相続税のその他の控除について
当事務所の主な業務の一つ「相続」に関する情報です。
昨日の記事で、相続税の基礎控除について紹介しました。
今回は、その他の控除についてもお伝えします。
正確に言えば、基礎控除を除いた課税遺産総額を法定相続分で按分して各税率にて相続税を計算し、その相続税の総額を実際の按分割合で各人の税額を算出した後に控除する「税額控除」です。
と言ってもややこしいので、ざっくり、「基礎控除と違って最終的に決まった税額から控除できる制度」と理解すれば良いと思います。
【贈与税額控除】
贈与税額控除は、贈与財産が生前贈与加算される事による相続税と贈与税の二重課税をしない為の控除です。
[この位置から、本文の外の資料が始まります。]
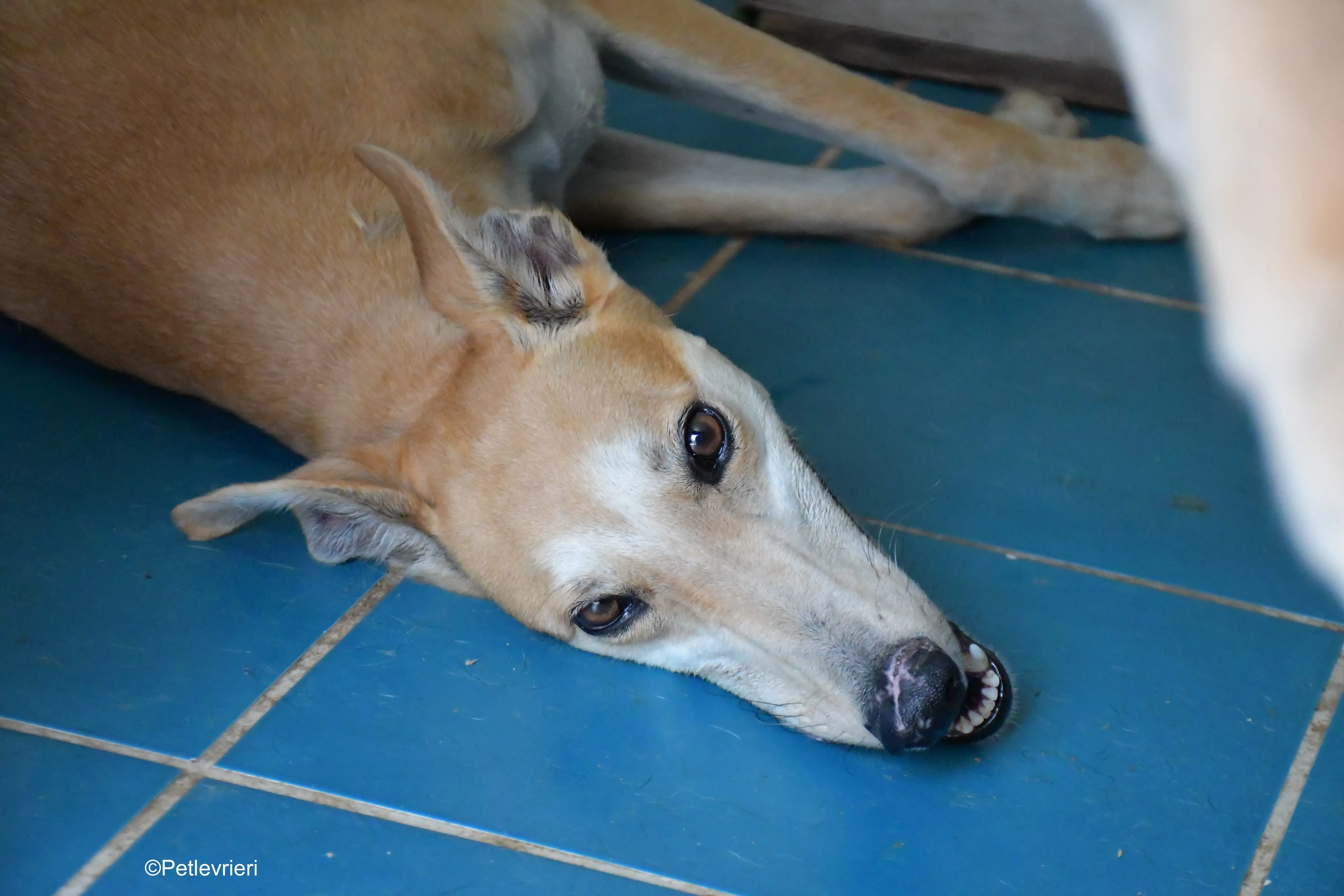 freddy adozione levrieri galgo 3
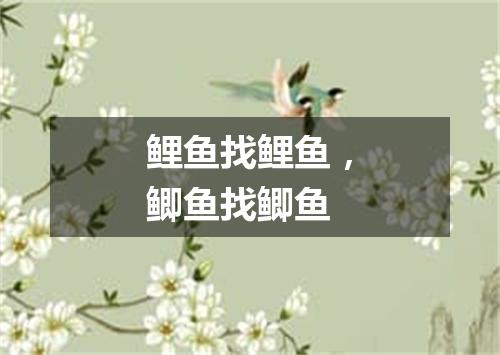 鲤鱼找鲤鱼，鲫鱼找鲫鱼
生前贈与加算の対象となった人=相続開始前3年(今後は7年)以内に贈与を受けた人が、贈与税を課された場合は、その贈与税額を相続税額から控除します。
※もう払ってるから・・・って感じです
【相続税の配偶者控除】
基本的に相続税は下の世代への相続の際多くの税負担をする様想定しています。
配偶者への相続は、同一世代への財産移転の為、負担を軽減する様設計されています。
(相続の後、立て続けて相続という事も考えられる為)
「相続税の配偶者控除」は、配偶者がもらう財産が「相続税の課税価格の法定相続分」もしくは、「1億6000万円」のいずれか多い金額までは、相続税がかかりません。
「課税価格の法定相続分」
→例1)法定相続人が、配偶者と子の場合、配偶者の法定相続分は2分の1
→例2)法定相続人が、配偶者と親の場合、配偶者の法定相続分は3分の2
→例3)法定相続人が、配偶者と兄弟姉妹の場合、配偶者の法定相続分は4分の3
よって、以上の法定相続分までは、額がどんなに多くても相続税はかかりません。
また、法定相続分以上であっても、1億6000万円までは相続税はかかりません。
但し、基礎控除と違って相続税の申告書を提出しないと控除は受けられません。
&遺産分割協議が完了していないと控除を受ける事ができません。
【未成年者控除】
未成年(18歳未満)に対する税額控除です。
年齢によって控除額が変わります。
以下4つの要件を満たす必要があります。
1:相続開始日に未成年者であること
2:法定相続人であること
3:実際に相続等により財産を取得したこと
4:相続開始日に日本国内に住所があること
この場合、(18歳―相続開始時の年齢)x 10万円=控除額
となります。
【障害者控除】
85歳未満の障害者が財産を相続した場合に適応される税額控除です。
残された障害者の暮らしの負担を軽減する事を目的としている控除ですので、相続により財産を受け取る方が障害者の場合に適応されます。
前項の「未成年者控除」の4つの要件とほぼ同じです(1の未成年者を障害者に置き換え)。
障害の程度と年齢により控除額が変わります。
一般障害者:(85歳―相続開始時の障害者の年齢)x 10万円=控除額
特別障害者:(85歳―相続開始時の障害者の年齢)x 10万円=控除額
となります。
その他、「相次相続控除」(10年以内に2回以上相続が発生した場合)や「外国税額控除」(外国で納付した税額を一定額控除)などあります。